Once the images are set aside, print the remaining lines below exactly.

■ Data:

⁂

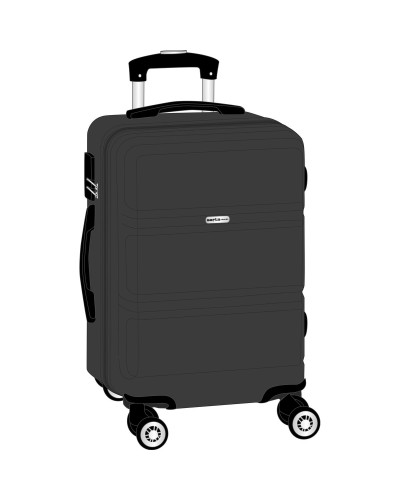 Cabin suitcase Safta Dark grey 20'' 34,5 x 55 x 20 cm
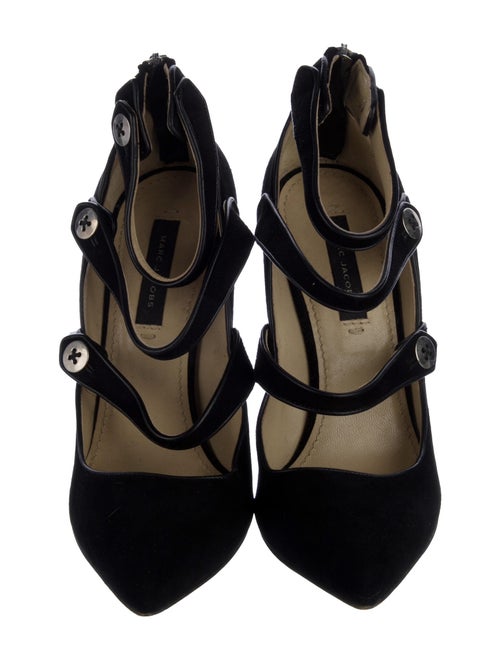 Marc Jacobs Suede Pumps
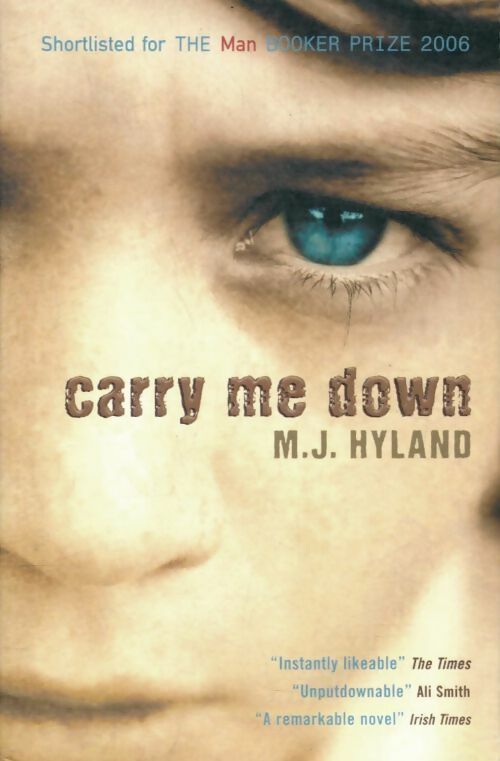Livrenpoche : Carry me down - M. J. Hyland - Livre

⁂

■ Finished exercise:
 Cabin suitcase Safta Dark grey 20'' 34,5 x 55 x 20 cm
 Marc Jacobs Suede Pumps
Livrenpoche : Carry me down - M. J. Hyland - Livre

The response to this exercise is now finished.